■ AIM OF THE TASK
Every line between the one containing "Used 2022 Buick Enclave Premium image 14" and the last line of the data, both included, is to be set down exactly, and pictures are to be omitted.

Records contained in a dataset
=======
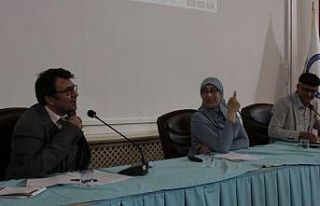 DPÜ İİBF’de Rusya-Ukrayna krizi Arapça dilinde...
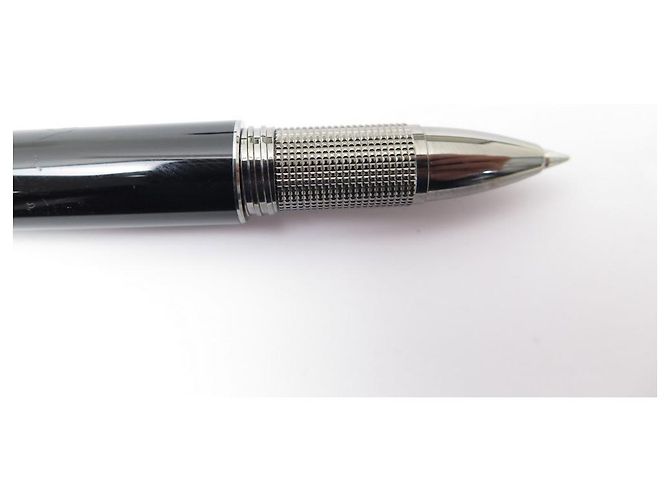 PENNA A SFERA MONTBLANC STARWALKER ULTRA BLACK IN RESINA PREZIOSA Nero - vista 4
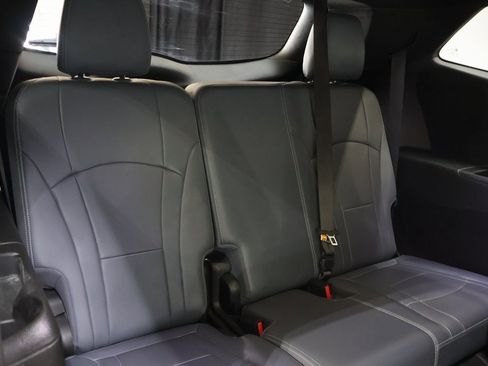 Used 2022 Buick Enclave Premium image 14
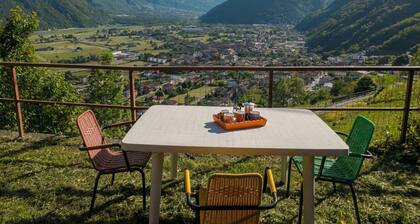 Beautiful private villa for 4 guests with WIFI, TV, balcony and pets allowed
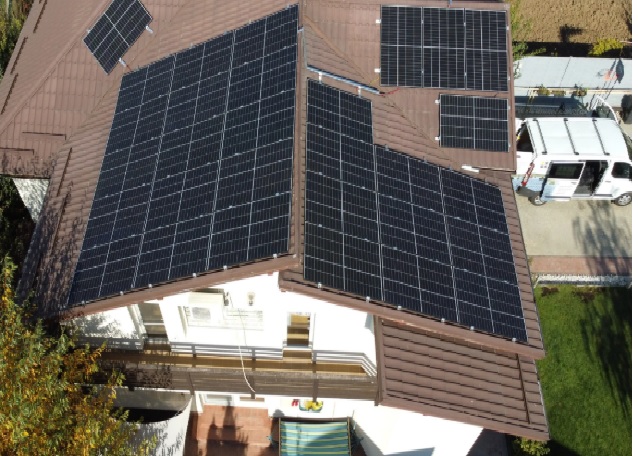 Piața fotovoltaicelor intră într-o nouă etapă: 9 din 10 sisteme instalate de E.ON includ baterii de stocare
=======
■ SOLUTION TO THIS PROBLEM
 Used 2022 Buick Enclave Premium image 14
 Beautiful private villa for 4 guests with WIFI, TV, balcony and pets allowed
 Piața fotovoltaicelor intră într-o nouă etapă: 9 din 10 sisteme instalate de E.ON includ baterii de stocare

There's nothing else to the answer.